### Given data

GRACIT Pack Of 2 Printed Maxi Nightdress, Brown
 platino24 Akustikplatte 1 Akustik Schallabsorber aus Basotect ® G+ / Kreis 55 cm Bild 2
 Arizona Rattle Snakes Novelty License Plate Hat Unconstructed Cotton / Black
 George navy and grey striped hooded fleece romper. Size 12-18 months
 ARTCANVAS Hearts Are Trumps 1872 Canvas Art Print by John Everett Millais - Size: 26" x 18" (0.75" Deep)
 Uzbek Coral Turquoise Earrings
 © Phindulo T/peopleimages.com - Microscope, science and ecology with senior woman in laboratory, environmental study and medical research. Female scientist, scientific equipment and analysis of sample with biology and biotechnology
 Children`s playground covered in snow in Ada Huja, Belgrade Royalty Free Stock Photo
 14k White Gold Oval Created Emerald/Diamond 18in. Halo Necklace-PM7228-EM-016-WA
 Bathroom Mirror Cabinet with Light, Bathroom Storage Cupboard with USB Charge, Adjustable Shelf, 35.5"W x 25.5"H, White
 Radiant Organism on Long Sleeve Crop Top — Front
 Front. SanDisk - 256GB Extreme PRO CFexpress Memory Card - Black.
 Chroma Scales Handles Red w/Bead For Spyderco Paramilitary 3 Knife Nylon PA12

######

Take the lines from the first line of the records through the line holding "George navy and", both included, and please reproduce them exactly with nothing added.

● **Solved exercise**
GRACIT Pack Of 2 Printed Maxi Nightdress, Brown
 platino24 Akustikplatte 1 Akustik Schallabsorber aus Basotect ® G+ / Kreis 55 cm Bild 2
 Arizona Rattle Snakes Novelty License Plate Hat Unconstructed Cotton / Black
 George navy and grey striped hooded fleece romper. Size 12-18 months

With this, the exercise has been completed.